If, in approaching the line of separation between a fellow workman and a superintendent of a particular and separate department, there may be embarrassment in determining the question, this case presents no such difficulty. It is clearly [162 U.S. 346, 358] one of fellow servants. The neglect for which the plaintiff has recovered in this case was the neglect of Holverson in not taking proper care at the time when he applied the brake to the front car. It was not a neglect of that character which would make the master responsible therfor, because it was not a neglect of a duty which the master owes, as master, to his servant, when he enters his employment.
It is urged, however, in this case, that this judgment may be sustained upon another and distinct proposition. The counse for the defendant in error says that it is alleged in the amended complaint 'that, as a part of the contract of hiring, the defendant engaged to carry the plaintiff to and from his work upon the defendant's road as occasion should require, in a safe and proper manner.' He then argues that the defendant having, as a part of its contract of hiring, assumed the obligation to carry safely, it was bound to exercise the same degree of care in its discharge as in any positive duty recognized or imposed by law, and that, therefore, the negligence of Holverson in the performance of his duty, whether it be from the relation of master and servant, or one specially assumed under the contract of hiring, was a neglect of the master.

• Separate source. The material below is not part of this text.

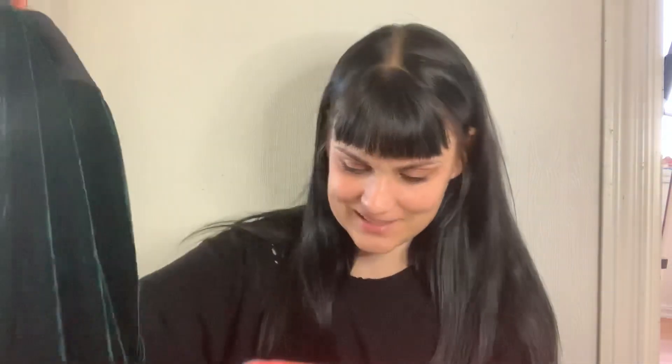I got the package in the mail yesterday and I'm really excited about it. It looks so good — I was so happy, it fits so nicely, and I felt so good in it. I really wanted to show it to you guys.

Although this allegation is contained in the complaint, it is denied in the answer; and there is no proof of any contract on the part of the defendant below to carry the plaintiff safely, further than is to be inferred from the fact that the company furnished hand cars which were worked by the gang, and upon which they rode to and from the place of labor. If, under these circumstances, the servant be injured through the neglect of a fellow servant, such as appears in this case, the master is not liable.
The charge of the court to the jury in the matter complained of was erroneous, and the judgment must therefore be reversed, and the case remanded, with directions to grant a new trial.
Mr. Chief Justice FULLER, Mr. Justice FIELD, and Mr. Justice HARLAN dissent.